Employment Tribunal victimisation ruling quashed after judge fell asleep twice during hearing
An employer which was found to have “victimised” a former employee after sifting out her application for a job has successfully challenged a tribunal’s decision to uphold her claim, after the employment judge “fell fully asleep not once but twice” during the hearing.
The Employment Appeal Tribunal (EAT) allowed an appeal against the decision of the Employment Tribunal (ET) after finding that the judge “very unfortunately” fell asleep on two occasions while the claimant was being cross-examined, which vitiated its decision in her favour.
The incident took place in March 2018 during a hearing of a victimisation claim by Jane Wess against the Science Museum Group, following two unsuccessful job applications.
‘Victimisation’
The EAT heard that the claimant had worked for the respondent for 33 years until she was made redundant from her position as senior curator for science as part of a restructuring in 2012.
She subsequently pursued Employment Tribunal claims for unfair and wrongful dismissal, as well as age and sex discrimination, all of which were unsuccessful.
In January 2017 the respondent advertised two assistant curator positions and the claimant applied, only to be informed by letter that her application would not be taken further, as she was “significantly overqualified for the role”.
She presented a claim to the ET to the effect that the decision amounted to victimisation, contrary to sections 27 and 39 Equality Act 2010, relying on her previous ET claims as protected acts.
Then in February 2017 the claimant applied for another job when the respondent advertised the position of cultural project manager, but again she was unsuccessful, having been advised by email that she was not among the candidates who were invited for interview.
She submitted a further claim of victimisation to the ET, relying on the same protected acts.
The two claims were heard together at the Central London Employment Tribunal before a three-member panel chaired by Employment Judge Paul Stewart.

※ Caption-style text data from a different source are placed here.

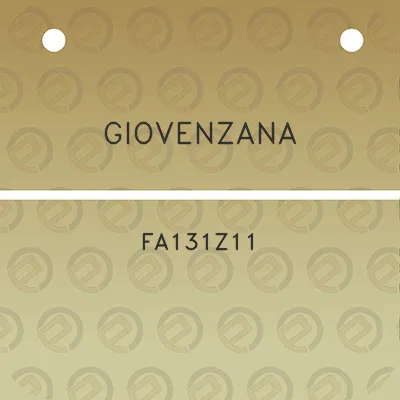 giovenzana-fa131z11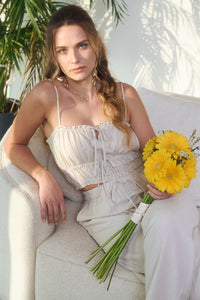 Endless Summer Ruched Tank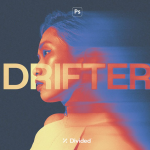 【PSD模板】照片运动失真迷幻模糊拖尾特效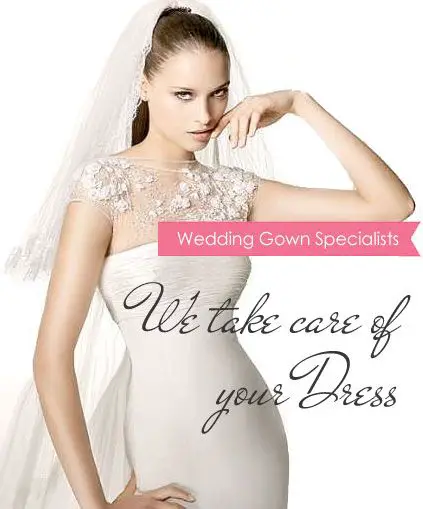 Wedding Dress Cleaning, Wedding Dress Cleaners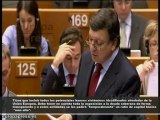 Barroso quiere la recapitalización de bancos UE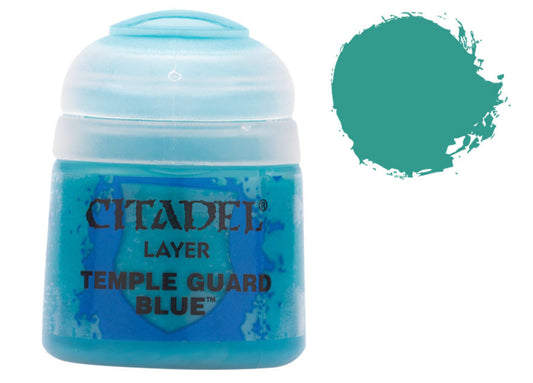 Layer Paint: Temple Guard Blue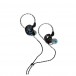 Stagg 4 Treiber Schallisolierende In-Ear-Monitore, schwarz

‘Judge lost consciousness’
The first claim succeeded and the second claim failed, but the respondent appealed the decision to uphold the first claim.
The EAT was told that during the first day of the three-day hearing of the two claims, the party litigant claimant had given her evidence and was being cross-examined by barrister Tim Sheppard.

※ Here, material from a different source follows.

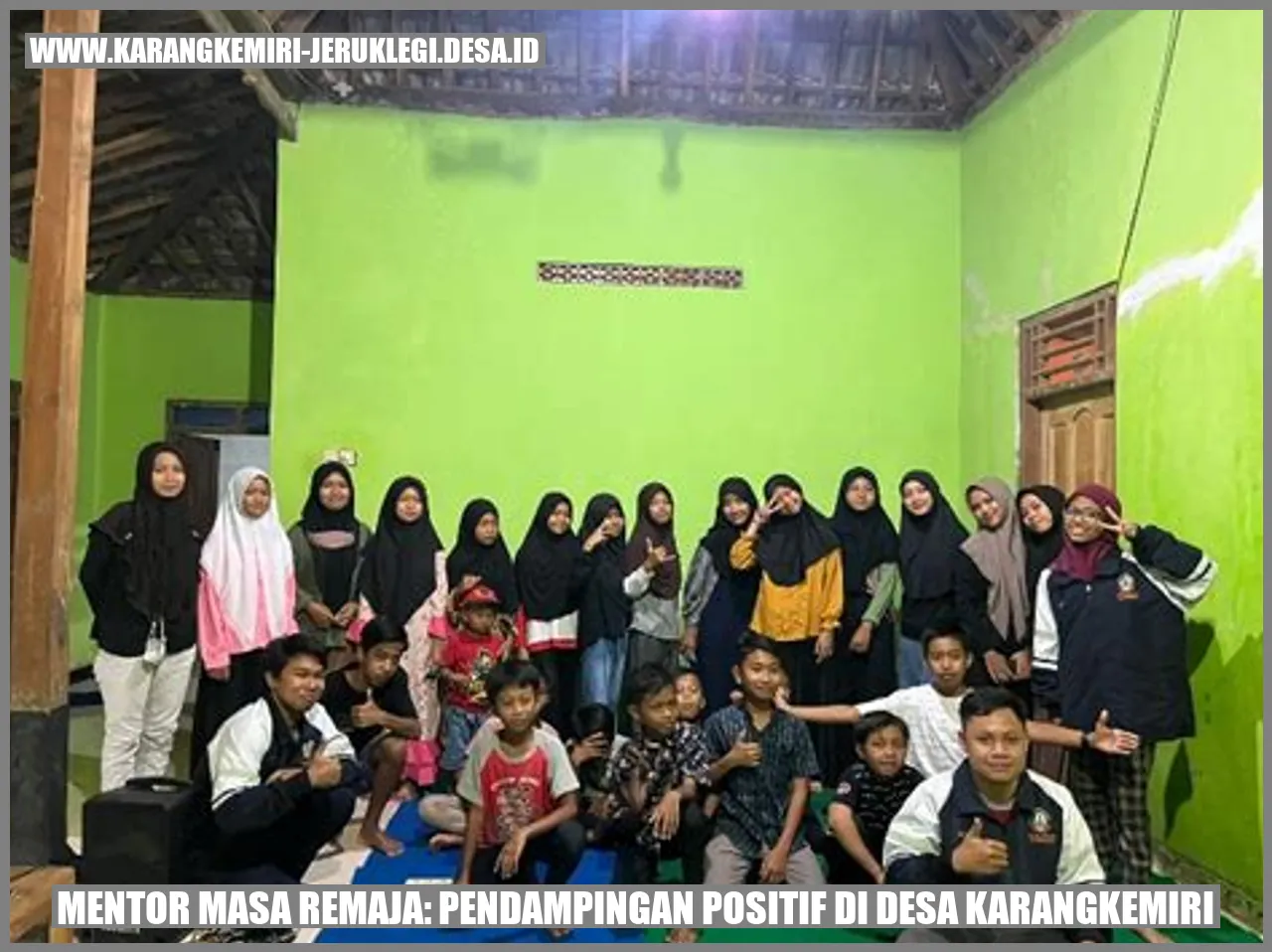 Gambar Mentor Masa Remaja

The respondent’s solicitor described what happened next: “At around 3.00pm, I noticed employment Judge Stewart’s hands slide off the desk in front of him. At the same time, his head slumped and his eyes were closed. He stopped taking a note of the exchange between Mr Sheppard and the Claimant and had stopped engaging with the documentation in front of him. He appeared to lose consciousness entirely.”
The judge regained consciousness after a minute or two, but fell asleep again within half-an-hour.
Mr Sheppard, who also noticed that the judge had dozed off, described how he tried to wake the judge: “On the second occasion, which was at approximately 3.30pm, I raised my voice and banged my cup on the table a few times in order to command employment Judge Stewart’s attention. I then stated ‘Sir’ on a few occasions, at which point Judge Stewart visibly regained consciousness and composure.”
The claimant’s husband, however, didn’t think the judge had been asleep, but said he had adopted a “meditative posture”.
Judge Stewart told the appeal tribunal that he did not recall falling asleep, but admitted that “the absence of such a memory does nothing to rebut the allegation”.
‘Fairness of the hearing was affected’
Allowing the appeal, the EAT ruled that a fair-minded informed observer would conclude that there was a real possibility that the fairness of the hearing was affected, having found, on the balance of probabilities, that Judge Stewart had indeed fallen asleep.
In a written judgment, Judge Simon Auerbach said: “In this case, the judge did not appear momentarily to be inattentive, or to nod his head. He appeared to, and I have found, did, fully fall asleep on two occasions, and, on the second occasion, only became fully alert again after significant intervention from a representative. This occurred during the course of the cross-examination of a witness, specifically, one of the parties.
“The claimant argued that it could be seen that the ET was aware of all the issues covered in this part of the cross-examination. But the cross-examination of the claimant on points at issue was a material and important part of the process.
“In all the circumstances, a fair-minded informed observer would conclude that there was a real possibility that the fairness of the hearing was affected. This, very unfortunately, does, in my judgment, vitiate the decision. The appeal therefore succeeded on this ground alone.”
While the ET decision had been unanimous, the appeal would, in any event, have been allowed, on the basis that the ET did not reach a sufficiently clear and specific conclusion in respect of the claimant’s case as to the explanation for the decision to sift out her application, being that she was regarded as significantly overqualified for the position.
However, the appeal would not have been upheld by reference to the grounds of appeal challenging the ET’s decision that the burden of proof passed to the respondent. Although the specific matters relied upon by the ET as shifting the burden were too narrow, the wider undisputed facts were such as to justify that decision.